At the beginning of the semester, we warned you to not open any text file using Microsoft Word. This is because Word, by default, uses the default encoding system that your operating system uses to decode a text. This is means that if your operating system using an encoding system that is different from actual encoding system that the text file was encoded in, then you'll get some weird garbage text that makes no sense.

By default, Microsoft Word will use the defaul encoding system that your operating system uses. On Mac OS, the default encoding system is `mac-roman`. On windows, the default encoding system is `Latin-1`.

Here is an example. Let's say you accidently opened up a text file using Word, and Word converted whatever you had originally to the string below. Let's try to fix this in Python.



In [None]:
string_corrupted = 'ÉGÉìÉRÅ[ÉfÉBÉìÉOÇÕìÔÇµÇ≠Ç»Ç¢'

Let's assume we opened this text file using Word on Mac OS. That means that whatever the original text contained, it probably got converted into the corrupted string above using the `mac-roman` encoding system. Thus, we must first reverse the encoding process.

In [None]:
string_corrupted_encoded = string_corrupted.encode('mac-roman')
string_corrupted_encoded

We converted corrupted string encoded back into computer data using `mac-roman`. Now we have to figure out what the original encoding system was in order to decode this computer data back into the original. Let's try `UTF-8`.

In [None]:
string_corrupted_encoded.decode('UTF-8')

But notice how we're getting an error that is similar to that of when we tried to encode and decode some foreign text using ASCII. This pretty much means that the `UTF-8` encoding system isn't the right encoding scheme to use.

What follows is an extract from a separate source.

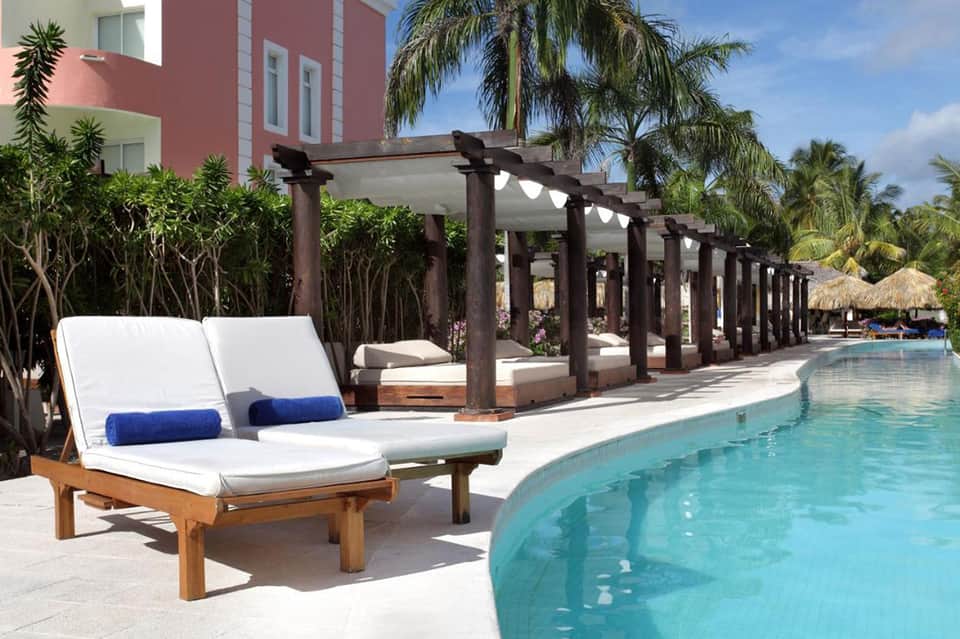 Luxury resort pool area with wooden lounge chairs, pergola structures, and tropical palm trees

The original text is actually "エンコーディングは難しくない" encoded in Japanese Shift-JIS encoding. Without tell you this, there would've been no way you could've retrieved the original text. But now that we know, can we retrieve the original text?

In [None]:
print('Corrupted string:', string_corrupted, '\n')
original = string_corrupted_encoded.decode('Shift-JIS')
print('Original sentence:', original)

What went wrong here exactly? What happend was your text file was originally encoded with `Shift-JIS`. But since you tried to open it with Microsoft word, it by default tried to use the `mac-roman` encoding system to decode your text file. This resulted in the corrupted string we see above. 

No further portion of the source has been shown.